### GIVEN INFORMATION
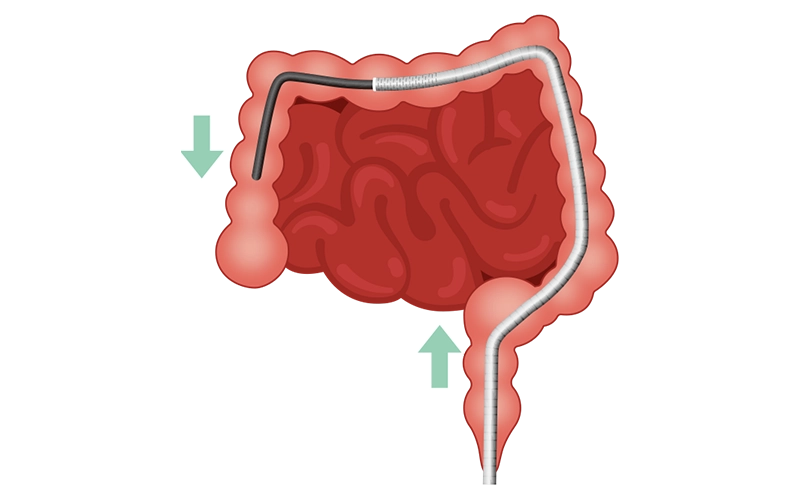 ShapeShieldを使用した大腸内視鏡挿入のイメージ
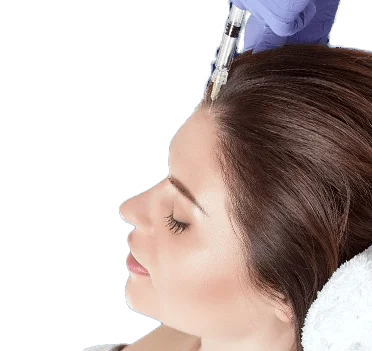 هیر فیلر چیست و چه کاربردی دارد؟ 4 HAIR RESTORATION 2 e1734004408932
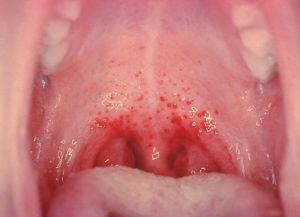 энтеровирус поражение горла и сыпь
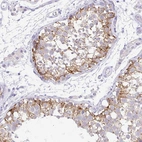 Immunohistochemical staining of human testis shows moderate cytoplasmic-membranous positivity in cells in seminiferous ducts.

### HOW TO COMPLETE THIS TASK
Apart from its pictures, the data is to be repeated exactly.

### EXPECTED ANSWER
 ShapeShieldを使用した大腸内視鏡挿入のイメージ
 هیر فیلر چیست و چه کاربردی دارد؟ 4 HAIR RESTORATION 2 e1734004408932
 энтеровирус поражение горла и сыпь
 Immunohistochemical staining of human testis shows moderate cytoplasmic-membranous positivity in cells in seminiferous ducts.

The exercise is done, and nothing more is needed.